Quote: Shandonbelle @ January 13 2011, 11:58 AM GMT
My day off work so time is of the essence but...
I found a really good book in a charity shop the other day 'The history of movie comedy' it starts way back in the days of Chaplin, Buster Keaton and Harold Lloyd and goes on to the likes of MASH and Airplane ( this book is yonks old by the way, 1985!) but it's such a pleasure to read through.
My point being... that I consider all comedy timeless. Stripped down to the bare essentials I'd say comedy is about 'people being, doing, saying and interacting in ways that provoke amusement in other people...human nature and all that involves' (animals can make us laugh too of course with their behaviour but they themselves cannot laugh (poor unfortunate creatures!)). Hard to define but that's the nature of it I suppose.
All that changes over time are the methods, fashions, tastes, trends etc, but how old a comedy is be it a film, play or sketch etc to me is incidental; if it's funny it's funny whenever, if someone from the Vaudeville days for eg Laurel and Hardy make me laugh now (which they do) then to me that's timeless.
I second that.
And I agree with what Buddy Sorrel said.
As I see it, the act of comedy is timeless because, well, there are those theories of why we laugh. One being that it is to release tension. Or a way to talk about things that are on people's minds. Like when that NASA space shuttle exploded, people were joking about it very quickly. When the two towers fell, the same thing, people were sending jokes back and forth. Then another theory on the discrepancy. Like with the punchline, it's funny because you don't expect it. Or like the slapstick humour, or for me at least because if I expect it I won't find it as funny as when I don't expect it. Then there was a third theory, now what was that again... oh yeah, the superiority theory or laughing at someone's expense. You know, so we can feel better about ourselves or whatnot. It also ties in with the ingroup/outgroup aspect of jokes, because jokes always leave someone in an outgroup.
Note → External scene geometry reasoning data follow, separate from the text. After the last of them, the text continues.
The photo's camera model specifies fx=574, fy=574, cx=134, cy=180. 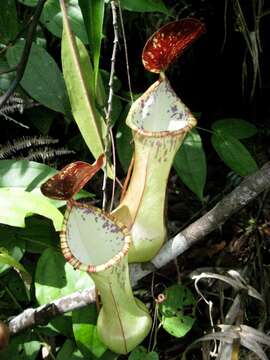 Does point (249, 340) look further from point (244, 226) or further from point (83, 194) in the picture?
point (244, 226)

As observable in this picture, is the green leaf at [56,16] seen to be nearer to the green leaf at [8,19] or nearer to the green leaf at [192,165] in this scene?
the green leaf at [8,19]

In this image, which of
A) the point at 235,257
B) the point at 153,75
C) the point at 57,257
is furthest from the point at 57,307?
the point at 153,75

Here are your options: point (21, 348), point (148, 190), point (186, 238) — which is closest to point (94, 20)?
point (148, 190)

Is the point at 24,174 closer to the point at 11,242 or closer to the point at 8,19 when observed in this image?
the point at 11,242

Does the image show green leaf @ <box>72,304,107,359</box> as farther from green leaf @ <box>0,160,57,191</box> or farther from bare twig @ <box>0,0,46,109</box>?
bare twig @ <box>0,0,46,109</box>

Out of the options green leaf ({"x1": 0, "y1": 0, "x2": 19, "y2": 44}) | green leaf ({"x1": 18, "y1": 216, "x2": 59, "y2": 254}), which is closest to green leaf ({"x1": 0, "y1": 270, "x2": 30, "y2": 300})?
green leaf ({"x1": 18, "y1": 216, "x2": 59, "y2": 254})

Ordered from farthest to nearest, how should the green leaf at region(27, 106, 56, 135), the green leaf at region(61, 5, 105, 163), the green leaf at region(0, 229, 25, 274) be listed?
the green leaf at region(27, 106, 56, 135)
the green leaf at region(0, 229, 25, 274)
the green leaf at region(61, 5, 105, 163) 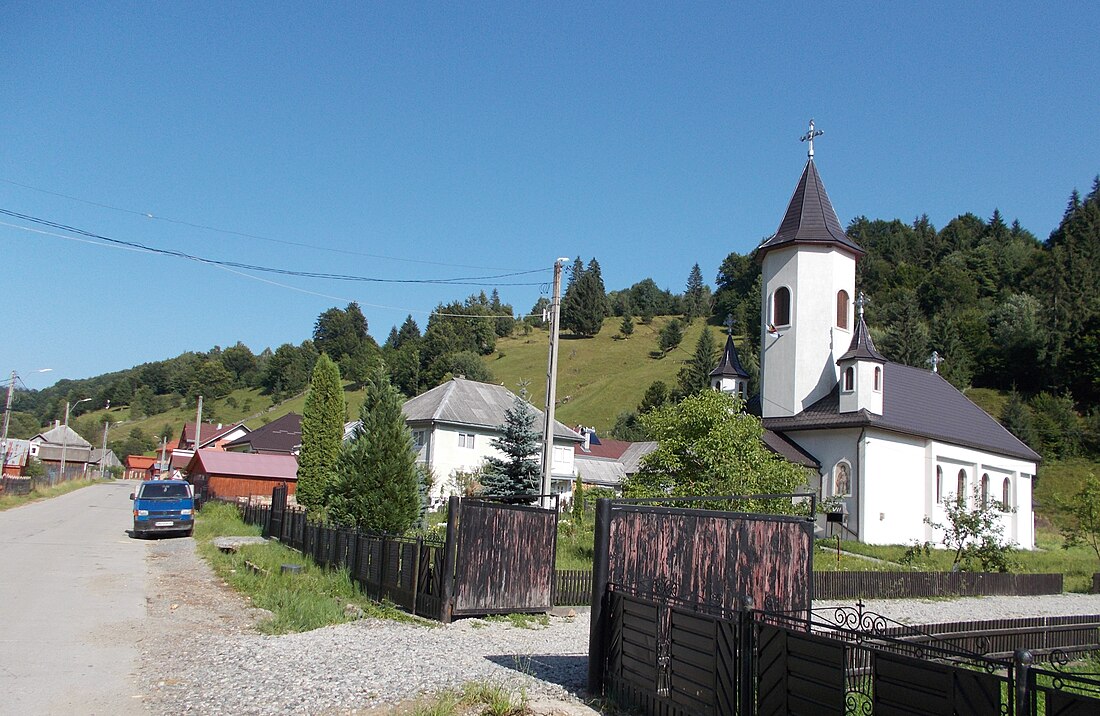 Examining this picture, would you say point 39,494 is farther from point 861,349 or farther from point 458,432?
point 861,349

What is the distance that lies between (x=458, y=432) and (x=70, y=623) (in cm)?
3661

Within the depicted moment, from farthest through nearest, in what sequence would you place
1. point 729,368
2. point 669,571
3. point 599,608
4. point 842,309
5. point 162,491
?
point 729,368 → point 842,309 → point 162,491 → point 669,571 → point 599,608

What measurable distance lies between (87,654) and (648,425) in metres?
17.7

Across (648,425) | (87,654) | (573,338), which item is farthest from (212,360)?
(87,654)

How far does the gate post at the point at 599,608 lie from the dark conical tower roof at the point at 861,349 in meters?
31.5

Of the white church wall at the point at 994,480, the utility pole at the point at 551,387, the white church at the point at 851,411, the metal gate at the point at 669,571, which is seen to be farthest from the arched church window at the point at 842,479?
the metal gate at the point at 669,571

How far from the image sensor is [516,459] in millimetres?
30062

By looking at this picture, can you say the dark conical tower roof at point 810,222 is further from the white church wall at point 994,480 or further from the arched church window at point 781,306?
the white church wall at point 994,480

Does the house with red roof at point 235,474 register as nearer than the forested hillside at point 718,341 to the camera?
Yes

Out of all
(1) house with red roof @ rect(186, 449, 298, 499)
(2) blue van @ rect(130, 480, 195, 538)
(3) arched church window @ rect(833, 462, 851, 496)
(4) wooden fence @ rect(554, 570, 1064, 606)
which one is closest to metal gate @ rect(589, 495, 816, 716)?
(4) wooden fence @ rect(554, 570, 1064, 606)

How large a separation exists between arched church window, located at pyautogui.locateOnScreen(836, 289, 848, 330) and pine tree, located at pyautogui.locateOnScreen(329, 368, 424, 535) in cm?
2708

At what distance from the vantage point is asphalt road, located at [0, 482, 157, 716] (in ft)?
26.7

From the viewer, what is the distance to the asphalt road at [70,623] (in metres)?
8.14

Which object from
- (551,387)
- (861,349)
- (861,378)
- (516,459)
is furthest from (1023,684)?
(861,349) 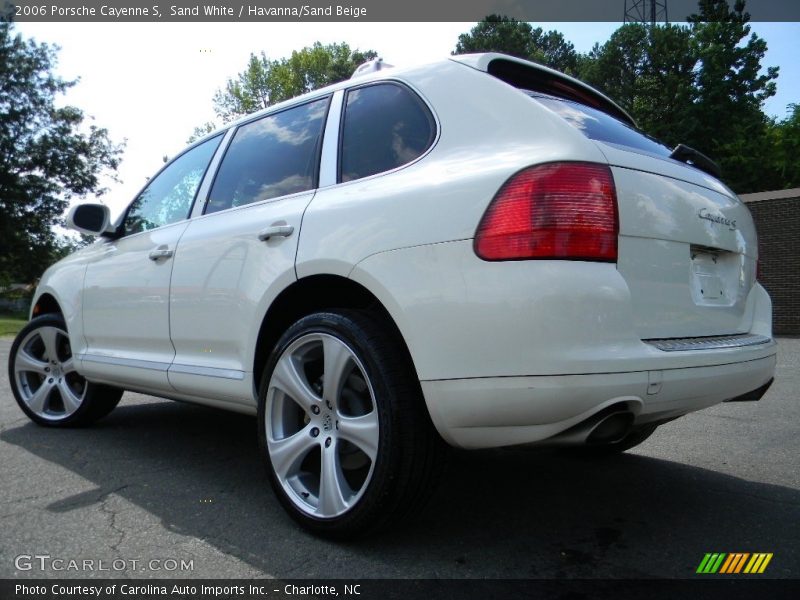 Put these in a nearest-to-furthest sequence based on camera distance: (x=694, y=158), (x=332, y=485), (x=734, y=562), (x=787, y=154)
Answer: (x=734, y=562), (x=332, y=485), (x=694, y=158), (x=787, y=154)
So yeah, I think the act of comedy and the effects of comedy is timeless. Because those three effects are timeless, they're part of human nature or human needs. Humans have an intense need for comparison (the superiority theory), our brain is wired so that we are constantly sorting out what fits and what doesn't fit (discrepancy theory) and our psyche is constantly calculating our environment and dealing with changes in our environment and whatever (tension theory).